Incredibly, Tristan da Cunha, just 110km2 with a hardy population of 268, is still a part of the UK. It constitutes by far the most remote of the anomalous hotchpotch of islands scattered across the planet - including Ascension Island, Anguilla, St Helena and Pitcairn - that make up the last remnants of the British Empire. Life on an island where there are only seven surnames, no mobile phones, one policeman, no crime and almost no visitors, is taking on greater importance as the 21st century progresses, with isolated communities such as this one becoming increasingly rare.

As the island's sole settlement, the evocatively named Edinburgh of the Seven Seas, comes into view it is as if we have travelled back in time to a 1920s Scottish highland village. The haphazard collection of tin-roofed bungalows clings onto one of only two small coastal strips; the rest is sheer rock cliffs. The passengers on RMS St Helena's final mail journey clamber down a precarious rope ladder and jump aboard a speedboat that takes us into the island's minuscule harbour. After seven days at sea, six of them spent without passing a single ship, bird or any form of human life, the normally forbidding sight of Tristan's volcano, rising almost 5,500m, is a very welcome sight.

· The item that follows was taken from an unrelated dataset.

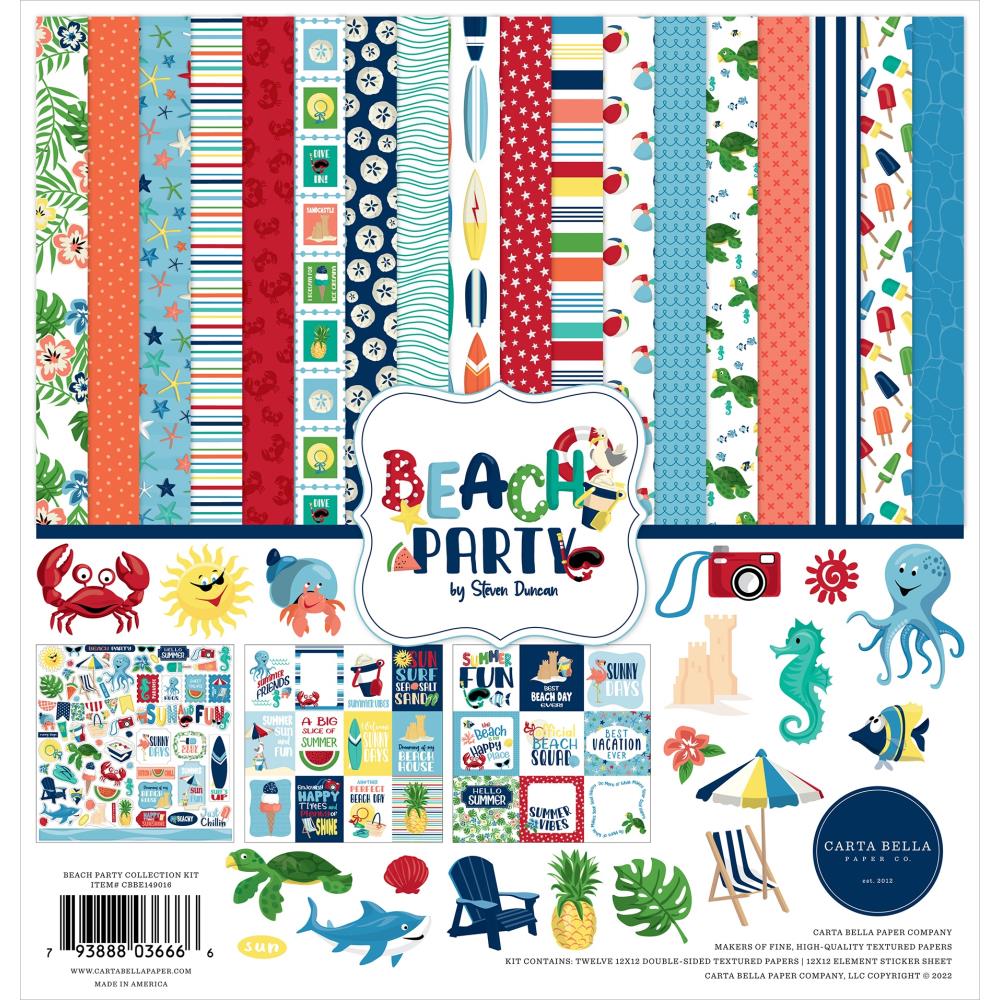 Carta Bella - Beach Party - Collection Kit - 12 x 12"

Discovered 500 years ago by a Portuguese admiral named Tristão da Cunha, the island was first settled several centuries later. A small British military garrison was established to prevent the island being used as an escape route by Napoleon Bonaparte. This was never particularly likely as it would have involved Napoleon - who had been exiled to St Helena - making an enormous detour of some 2,500km. The British soon realised the folly of this venture and pulled out the garrison, but Corporal William Glass of the Royal Artillery - who was to become the first chief islander - his wife, children and two Devonian stonemasons, Samuel Burnell and John Nankivel, chose to remain on Tristan. In time, despite more than 200cm of rain a year, hurricanes, gales and the threat of the volcano erupting, the island became a thriving micro-economy through the sale of crayfish and rare postage stamps to the outside world.

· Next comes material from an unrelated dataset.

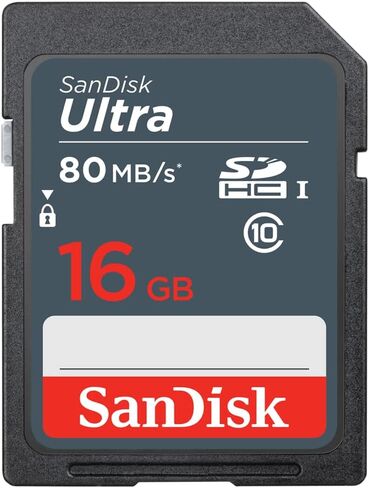 مجموعة بطاقات SanDisk Ultra UHS-I Class 10 بسعة 16 جيجابايت SDHC SDSDUNS-016G-GN3IN مكونة من 5 بطاقات in Kuwait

The islanders endured their own two-year exile in the UK when the volcano erupted in 1961, destroying the crayfish factory but sparing Edinburgh of the Seven Seas. Incredibly, despite the islanders' exposure to cars, electricity, nightclubs and rock 'n' roll music during their stay in Calshott, Hampshire, almost every single one of them voted to return to the island at the earliest possible opportunity. This was despite persistent attempts by the UK government to block their return on the grounds that the island was now uninhabitable and suitable only as a site for nuclear testing. Many elderly islanders were so traumatised by their experience in the so-called civilised world that they have remained on Tristan da Cunha ever since.

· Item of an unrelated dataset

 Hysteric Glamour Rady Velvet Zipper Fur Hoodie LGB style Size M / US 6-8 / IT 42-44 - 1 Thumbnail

One of the first things that you notice about Tristanians is their accent. The isolation from the outside world has created a local dialect that is a curious blend of early 19th-century colonial language (for instance, to feel ill in Tristan dialect is to feel 'qualmish', a word that died out in Britain in the early years of Queen Victoria's reign) and contemporary South African slang (pick-up trucks are known here, as in Cape Town, as 'bakkies'). When outsiders - or 'station fellas' as they are dubbed in a reference to the garrison stationed on the island during World War II - are around, the Tristan people's accent mellows to a soft, quiet lilt, reminiscent of the West Country. When talking among themselves, however, islanders' conversations appear all but unintelligible - a situation that I sensed they were keen to maintain.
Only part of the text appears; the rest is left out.